_DIRECTIONS FOR THIS TASK:_ Write the data out again exactly, dropping any images it holds.

Content starts

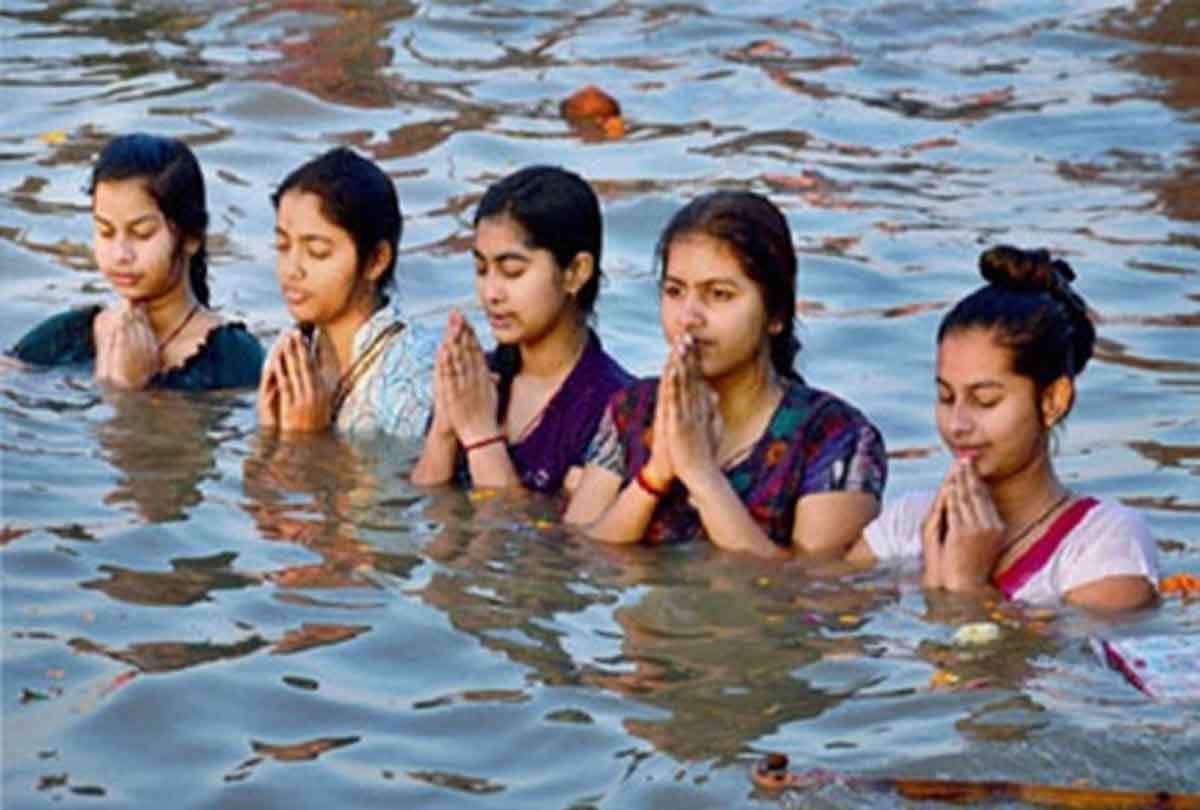 ganga bath is good for health 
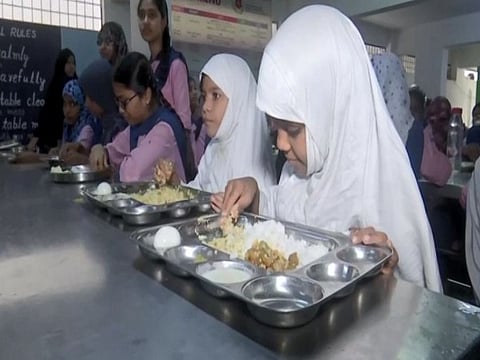 Telangana begins phased rollout of Rs 800 crore school breakfast scheme in 1,302 institutions  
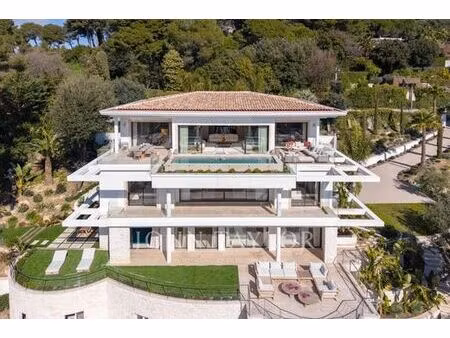maison de 8 pièces de luxe en location à cannes  france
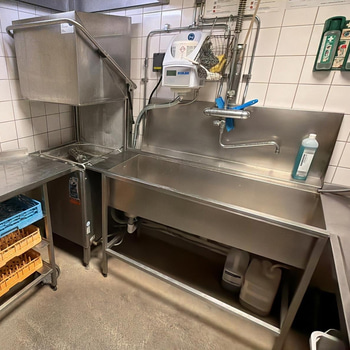 Huvdiskmaskin, Wexiödisk WD-6C, med in- och utmatningsbänk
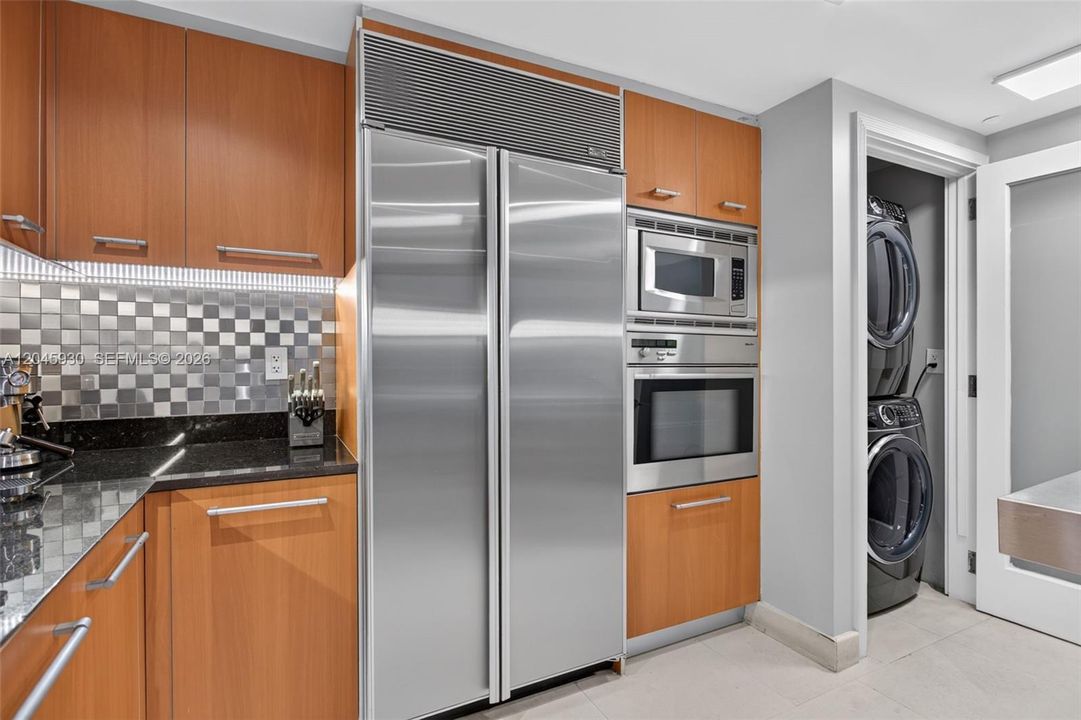 For Rent: $16,500 (3 beds, 3 baths, 2024 Square Feet)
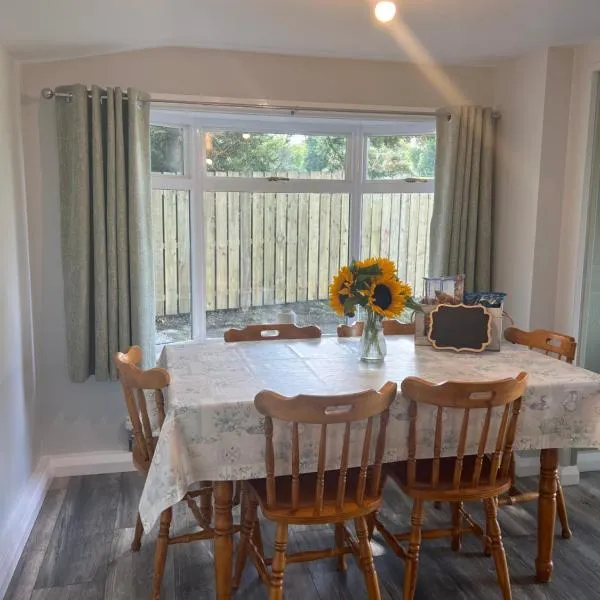 Hideaway21，位于Maghera的酒店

Content ends

_SOLVED PROBLEM:_
 ganga bath is good for health 
 Telangana begins phased rollout of Rs 800 crore school breakfast scheme in 1,302 institutions  
maison de 8 pièces de luxe en location à cannes  france
 Huvdiskmaskin, Wexiödisk WD-6C, med in- och utmatningsbänk
 For Rent: $16,500 (3 beds, 3 baths, 2024 Square Feet)
 Hideaway21，位于Maghera的酒店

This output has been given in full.